If you've ever looked into a camera before you were about to do a remedial stunt of any kind, and said "Don't try this at home", then you are a certified tool box douche of the highest degree. You've achieved a black belt in douchebaggery, and on that note if you're actually a black belt, and not a real ninja, crime fighter, or jujitsu sense´, then you are also a d-bag. Karate should not be a hobby. It is a means of killing suckers, impressing girls, perfecting flying jump kicks, and holding a defensive pose wayyy too long after you've delivered the finishing blow to your opponent, as if they are going to leap up in one motion and re-attack...

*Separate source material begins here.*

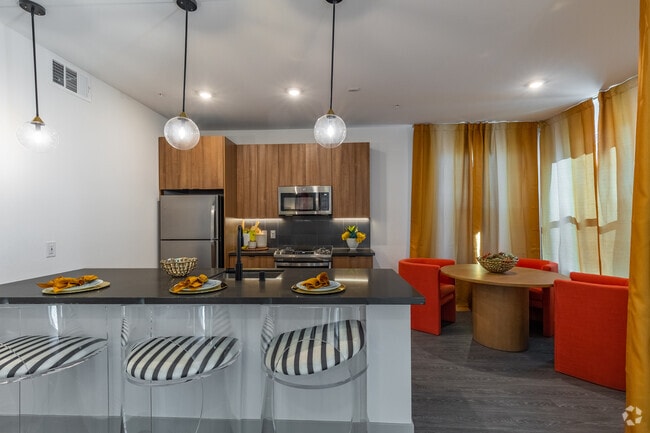 Bonnie 1 BR, 1 BA - 863 SF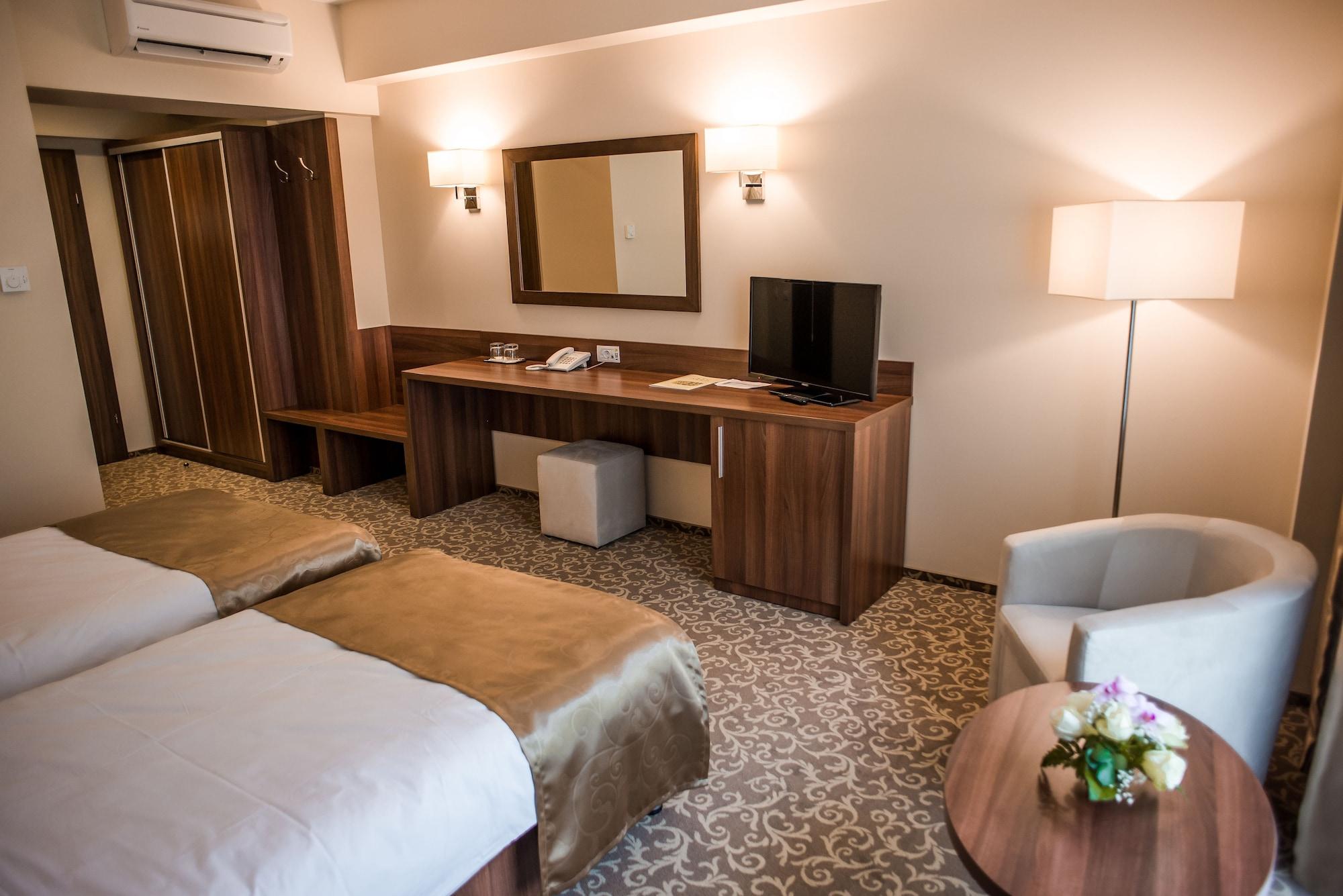 Hotel Arnia Iasi Exterior photo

"Don't try this at home." What a cocksucker phrase. The only solace I find in that saying is that they cannot be serious. Even though they are probably joking it still sounds pretty fucking gay. Especially when they are doing something not even remotely amusing to anyone but the stoned-out-of-their-tits crowd they are hanging with. Like, if the dude is attempting to drop 22 chips into a bowl of french onion dip at once, then shove them in his mouth without spilling a single crumb. "Don't try this at home, folks." (Laughter.)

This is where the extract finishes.